Natural disasters come in many different forms, yet their devastating impact on vulnerable communities remains the same. Worryingly, what also remains the same is today’s aid and development approach, and the way it fails to successfully address these disasters.
Floods cause more damage worldwide than any other type of natural disaster, costing the global economy US$90 billion every year, and affecting more than 2.3 billion people over the last two decades. Moreover, 90% of flood aid is spent on “recovery” – ironic, as how can communities be allowed to recover and thrive if they remain in a constantly reactive state?
What if, rather than focusing on repair, we built resilience to help communities better manage and adapt to inevitable shocks? What if we could convert risk and exposure into opportunity?

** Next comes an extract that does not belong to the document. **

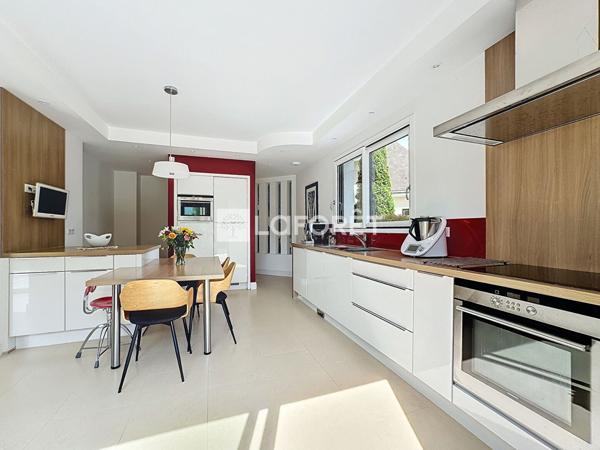 Achat maison près de HERMANVILLE SUR MER - 15 pièce(s) - 453 m² - 1 299 900 €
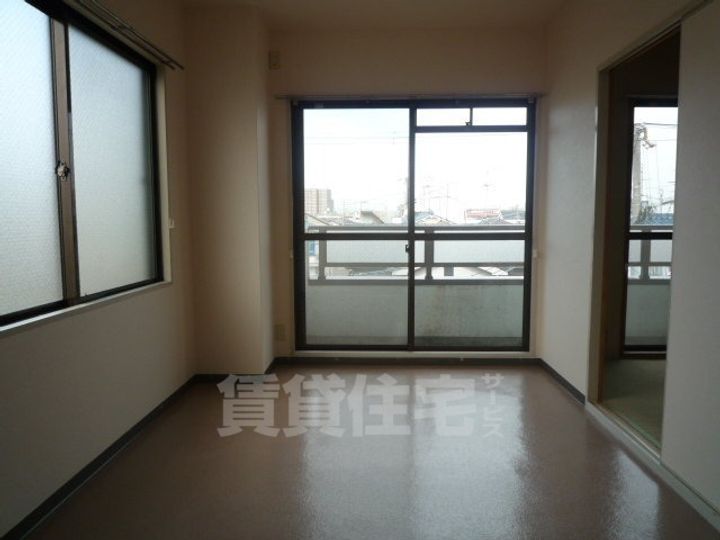 大阪府堺市北区百舌鳥赤畑町4丁の賃貸マンションの居間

During a recent field trip in Kenya, the Global Resilience Partnership (GRP) team had an enlightening conversation with Bernard Ndolo Munyao, a farmer for over 20 years, living and working in Tala town in Machakos county (which is in the lower Eastern region of Kenya) with his young family. The finer details of our discussion are captured in the video above, but speaking with him provided us with a great sense of affirmation that the mission of GRP is more important than ever.
This includes programs and challenges such as Water Window, run by GRP alongside Zurich Insurance. It offers grants of up to US$1 million for teams offering innovative solutions to issues affecting flood prone communities across the Sahel, the Horn of Africa, and South and Southeast Asia.
Our work helps ensure that people like Bernard aren’t confined to always going back to square one and that communities have the resources to take the fight to the floods.